The International Coffee Organization flagged the headwind to Brazilian coffee exports from a firmer real, as well as weakened inventories, even as industry data showed a slow post-harvest pick-up in volumes.
The ICO - while flagging that global coffee exports had "remained at a very high level" into July, rising 11% year on year to 9.4m bags - contrasted the strong global performance with a decline in shipments from Brazil.
Volumes from Brazil, the top coffee growing and exporting country, dropped 11% to 1.75m bags, including soluble coffee, "the lowest since February 2004, " the organisation said.
The downturn reflected in part weak exportable supplies, depleted by "the previously poor harvest", when robusta coffee output in particular was hurt by drought.
The ICO also flagged an "unfavourable dollar exchange rate eroding the competitiveness of Brazilian coffee on the world market".
Indeed, the real has recovered by 7.1% against the dollar so far in 2017, so making Brazilian exports less affordable to buyers in dollars, the currency of international trade in many commodities, including coffee.
By contrast, the ICO underlined "significant increases in" coffee exports from Colombia, the second-biggest grower and shipper of arabica coffee beans, and whose currency, the peso, has held steady against the dollar so far this year.
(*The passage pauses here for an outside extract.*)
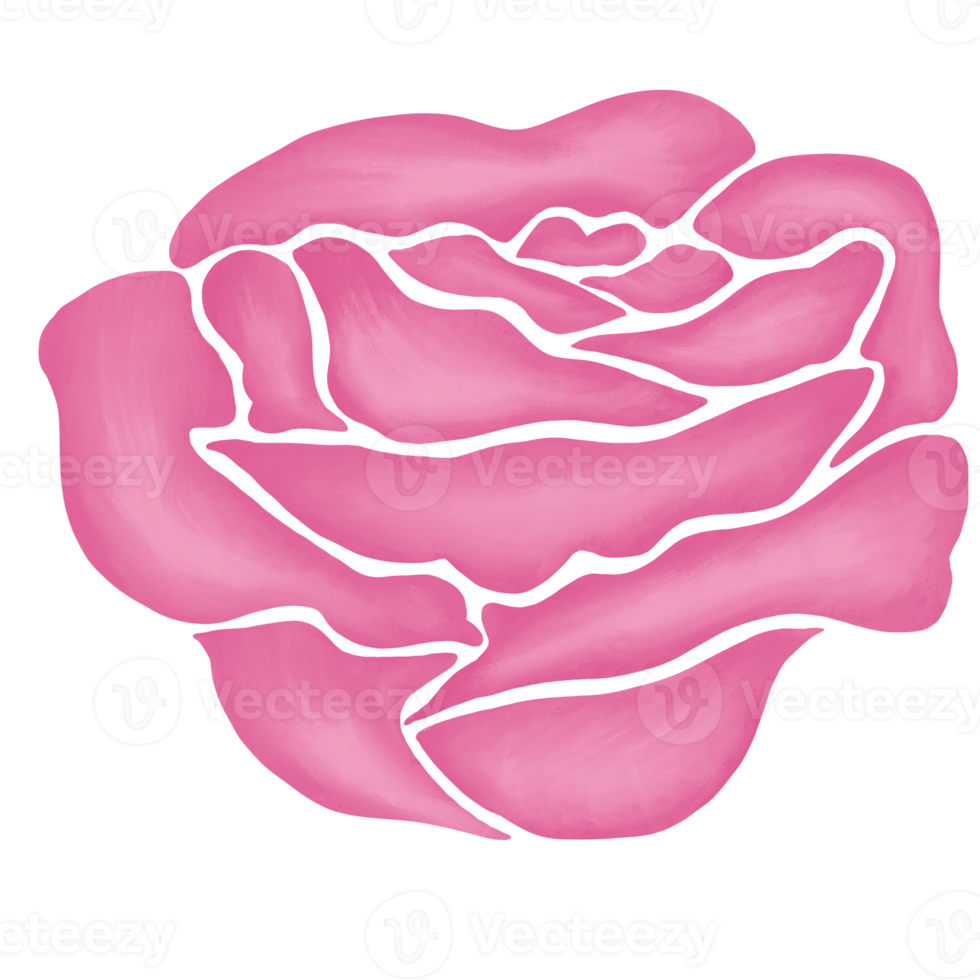 rosa reste sig blomma teckning illustration png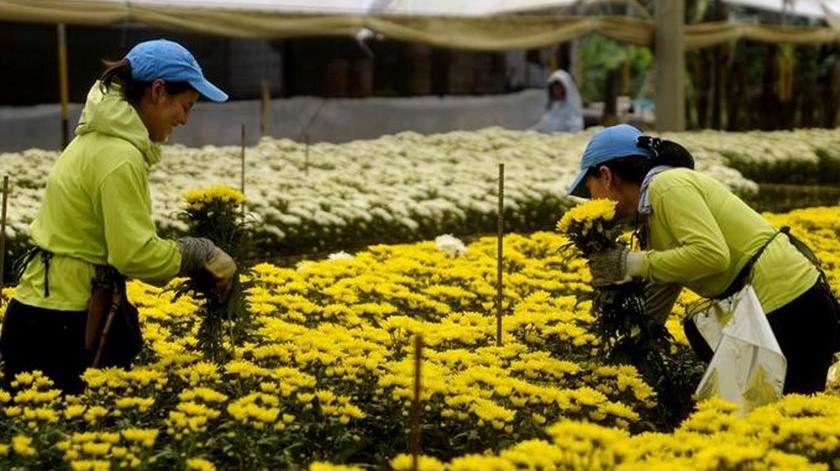 Fenalco destaca nuevas medidas económicas, pero advierte preocupación por el acceso de los empresarios a los créditos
Colombian "volumes shipped during the month of July have doubled compared to last year", the organization said, if acknowledging that the year-before figure was unusually depressed thanks to a truckers' strike.
"Nonetheless, the recent figures represent a continuation of this coffee year's strong export performance," with Colombia's shipments for 2016-17, which started in October, up 11.6% year on year as 11.2m bags.
The comments came even as Cecafe, the Brazilian coffee exporters' industry group, unveiled data for last month showing total exports of 2.37m bags.
The data represented a marked pick-up from July, and a reflection of the boost to exportable supplies from the arabica coffee harvest.
"August brings a better outlook for exports," said Nelson Carvalhaes, the Cecafe president, flagging "signs of recovery".
However, with the performance representing the weakest for any August since at least 2009, Mr Carvalhaes urged caution over revival prospects nonetheless.
While this month "should again see higher volumes, around 20% higher" than in August, even an increase at that level, implying September shipments of some 2.85m tonnes, would represent a decline in volumes of 7% year on year, on Cecafe data.
The boost to Brazil's coffee exports from the 2017 crop has been delayed in part by wet weather which, besides slowing the harvest, has hampered the drying of beans too, to render them fit for storage.
Furthermore, there has been talk of Brazilian growers holding off sales in the hope of higher prices.
In fact, Brazilian arabica prices are, at R$444.12 a bag according to research institute Cepea, down some 8.6% so far in 2017, with those of robusta beans down 19.8% at R$395.58 a bag, weighed by improved production after rain relief to drought-hit growing areas.